## EXERCISE DIRECTIONS:
Using the data below, transcribe exactly everything from the line that contains "Bvlgari Splendid Patchouli" down to the line that contains "カシオ CASIO 腕時計 スタンダード アナログモデル メンズ MQ-24-9ELJH". Include both of those lines and none of the pictures.

## INFORMATION SHOWN:
^^^^
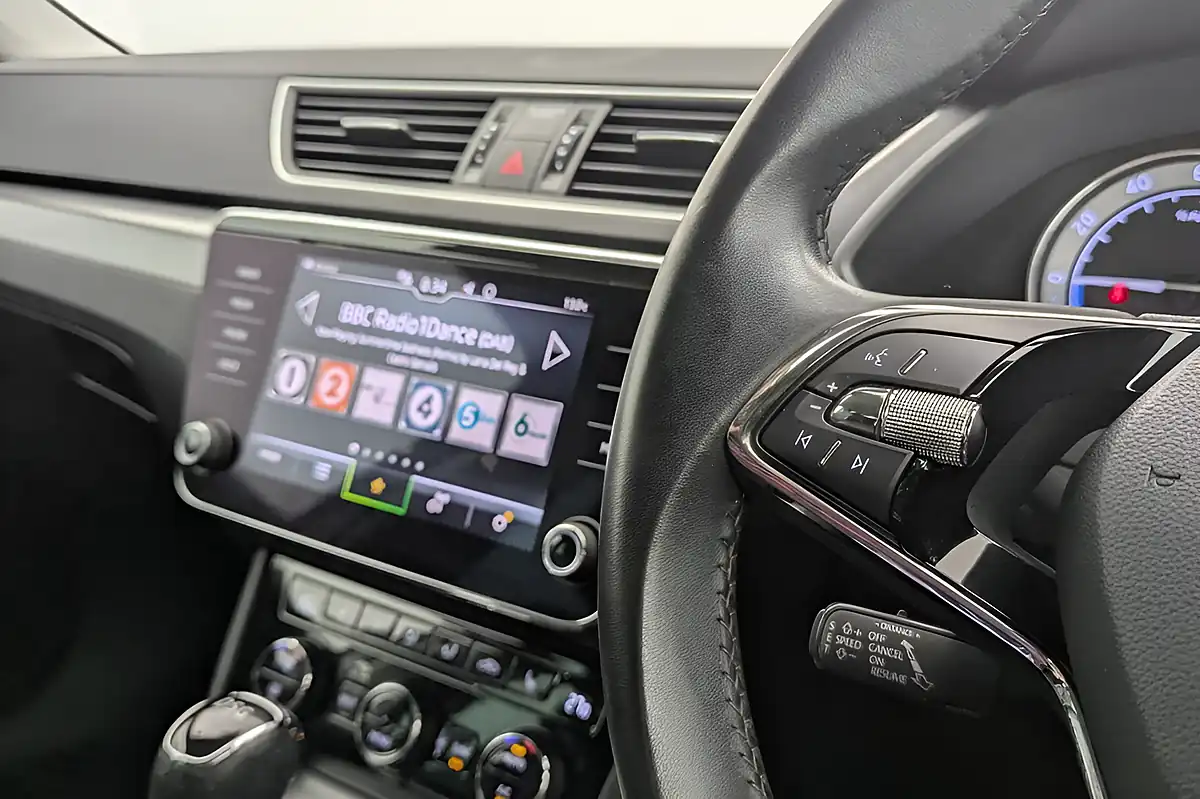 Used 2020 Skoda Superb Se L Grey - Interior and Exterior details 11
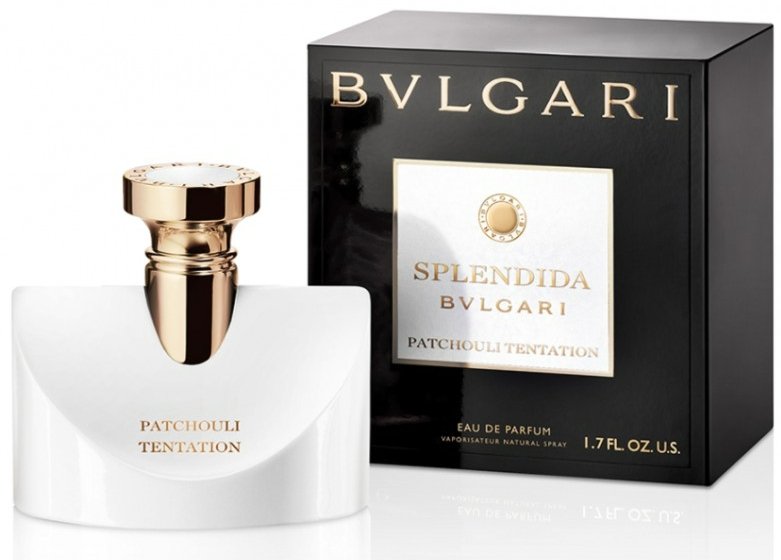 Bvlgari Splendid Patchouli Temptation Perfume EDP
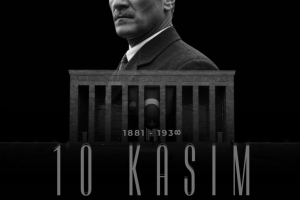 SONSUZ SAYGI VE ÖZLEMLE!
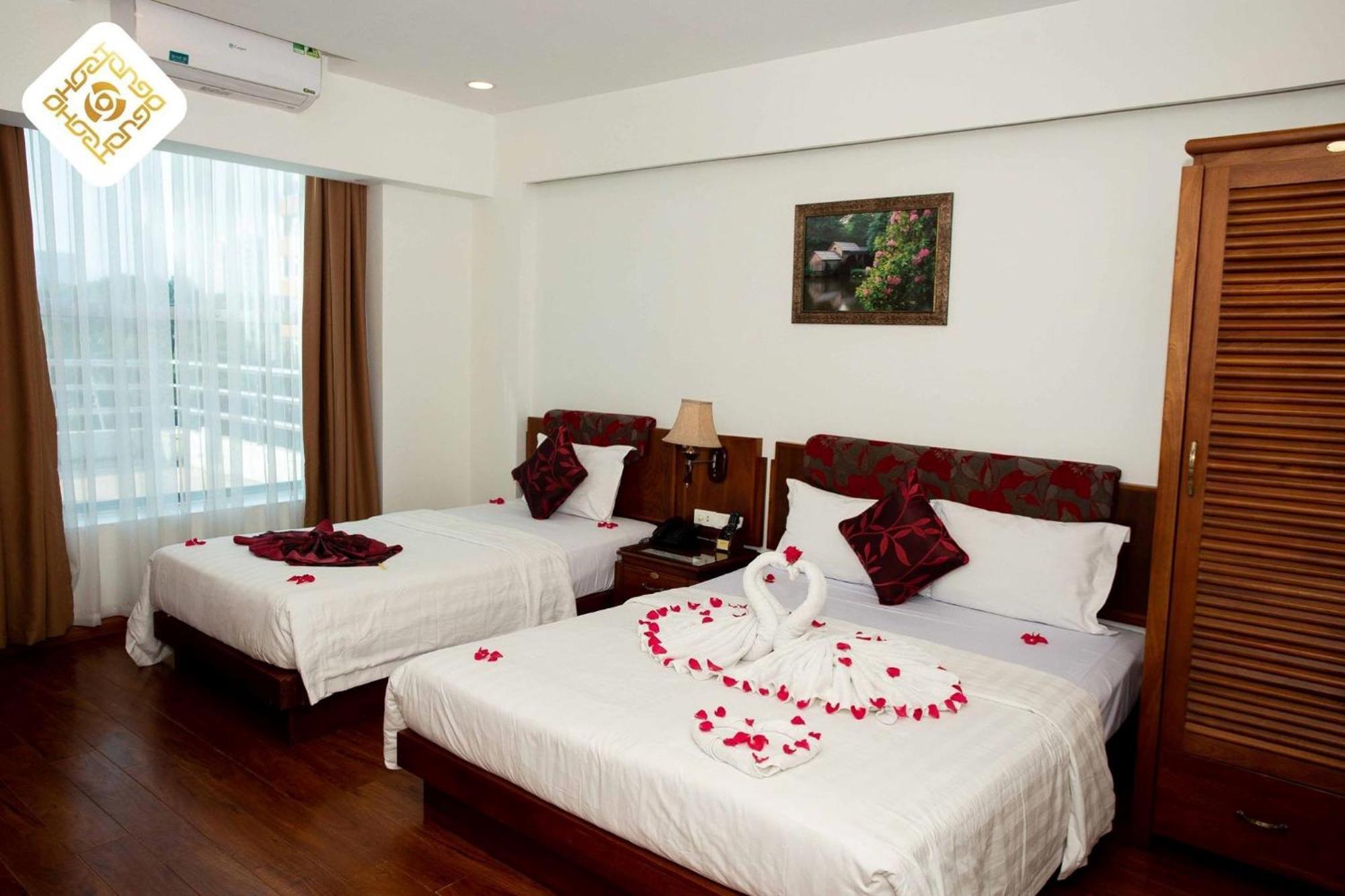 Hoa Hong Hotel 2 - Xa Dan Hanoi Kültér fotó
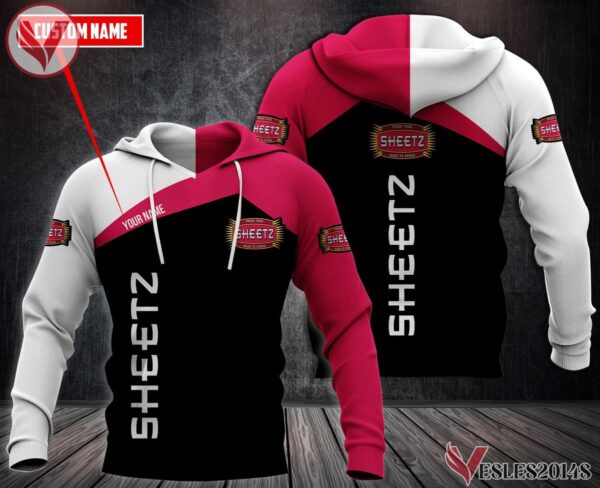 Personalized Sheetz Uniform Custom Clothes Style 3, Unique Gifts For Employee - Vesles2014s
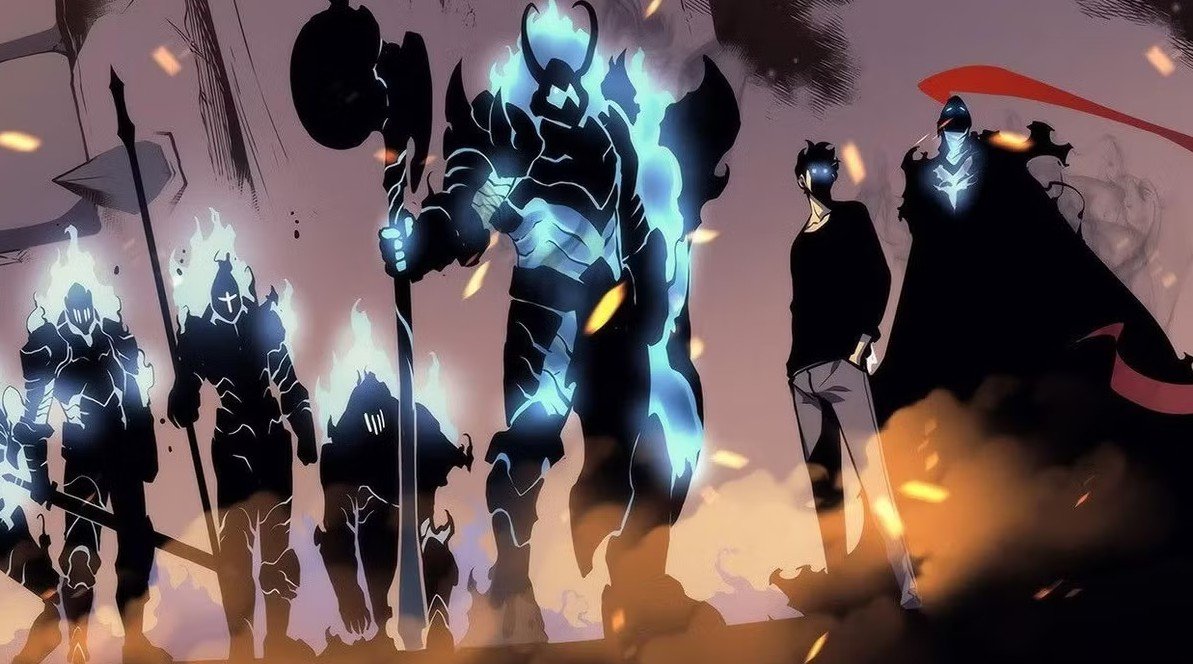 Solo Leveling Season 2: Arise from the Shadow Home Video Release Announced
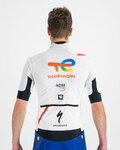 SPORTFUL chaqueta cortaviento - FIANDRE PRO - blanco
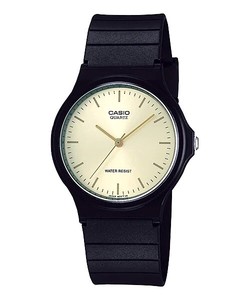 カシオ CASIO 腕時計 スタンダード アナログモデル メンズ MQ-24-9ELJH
^^^^
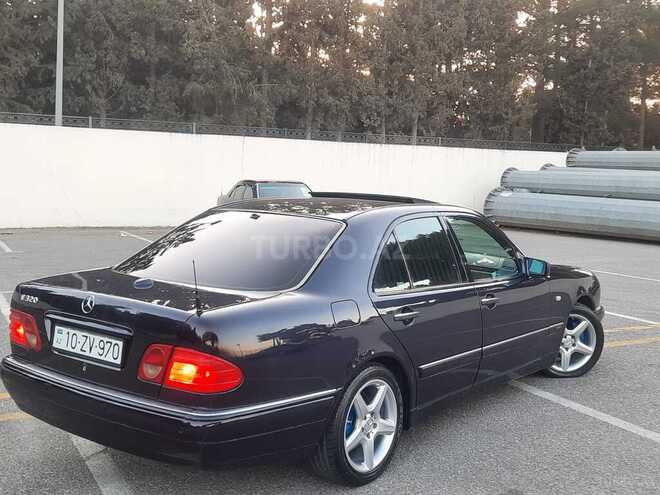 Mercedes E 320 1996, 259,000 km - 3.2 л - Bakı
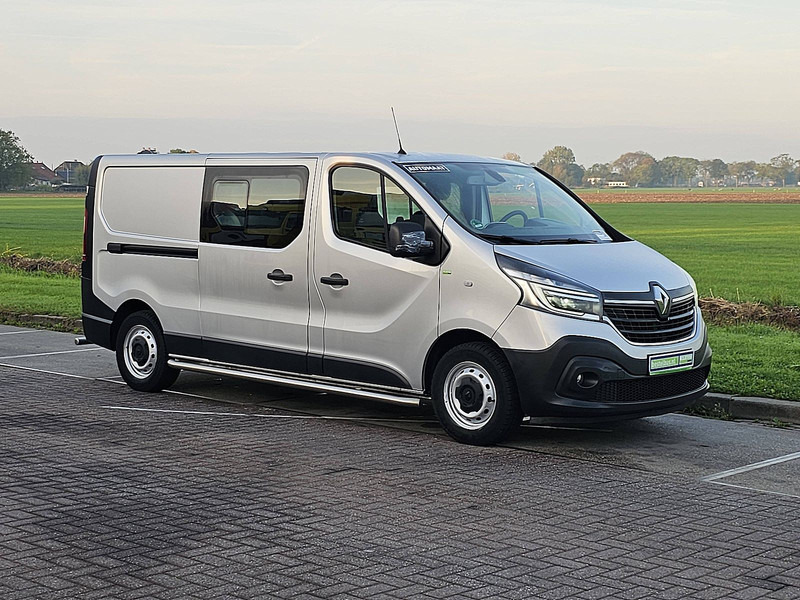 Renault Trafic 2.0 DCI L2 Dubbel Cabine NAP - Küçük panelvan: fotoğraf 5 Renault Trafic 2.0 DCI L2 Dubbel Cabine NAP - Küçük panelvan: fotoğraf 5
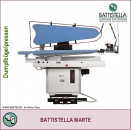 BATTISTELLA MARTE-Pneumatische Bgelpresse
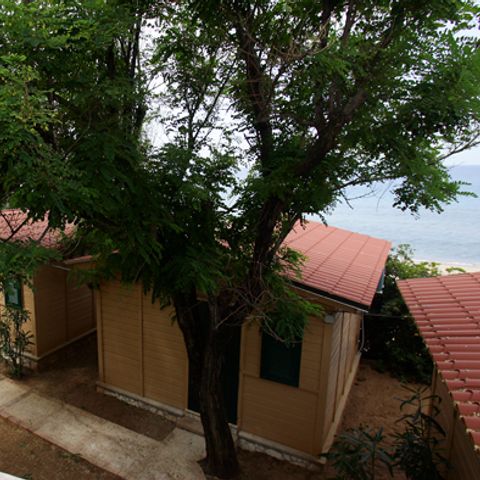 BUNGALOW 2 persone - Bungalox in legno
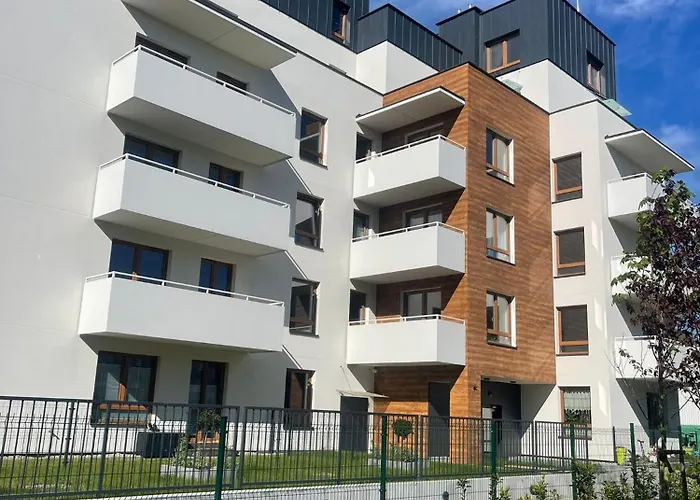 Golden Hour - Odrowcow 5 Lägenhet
^^^^
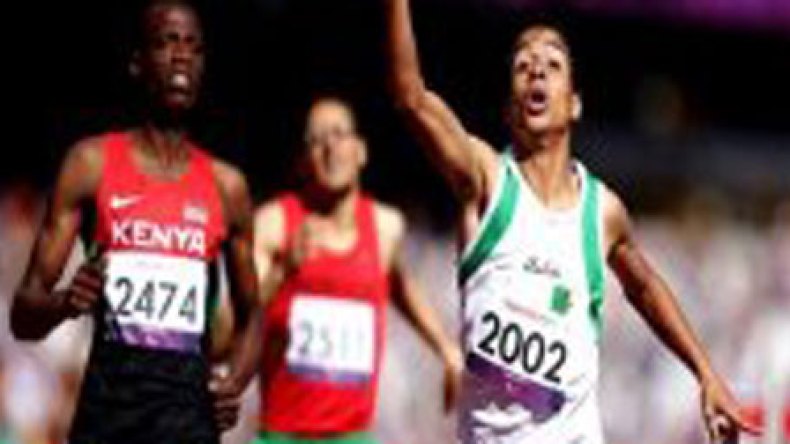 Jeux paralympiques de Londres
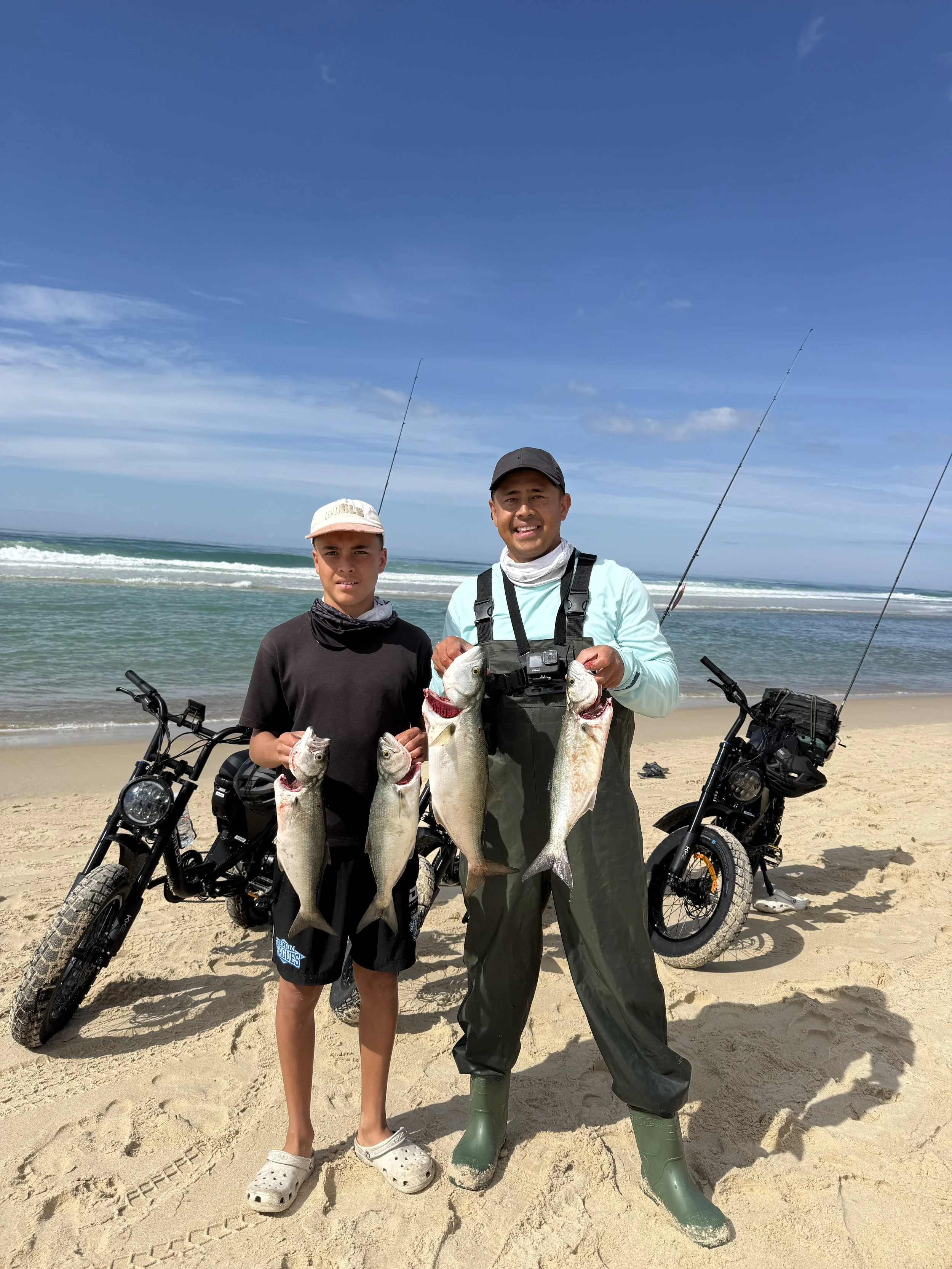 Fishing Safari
^^^^
## ANSWER FOR THE TASK:
 Bvlgari Splendid Patchouli Temptation Perfume EDP
 SONSUZ SAYGI VE ÖZLEMLE!
 Hoa Hong Hotel 2 - Xa Dan Hanoi Kültér fotó
 Personalized Sheetz Uniform Custom Clothes Style 3, Unique Gifts For Employee - Vesles2014s
 Solo Leveling Season 2: Arise from the Shadow Home Video Release Announced
 SPORTFUL chaqueta cortaviento - FIANDRE PRO - blanco
 カシオ CASIO 腕時計 スタンダード アナログモデル メンズ MQ-24-9ELJH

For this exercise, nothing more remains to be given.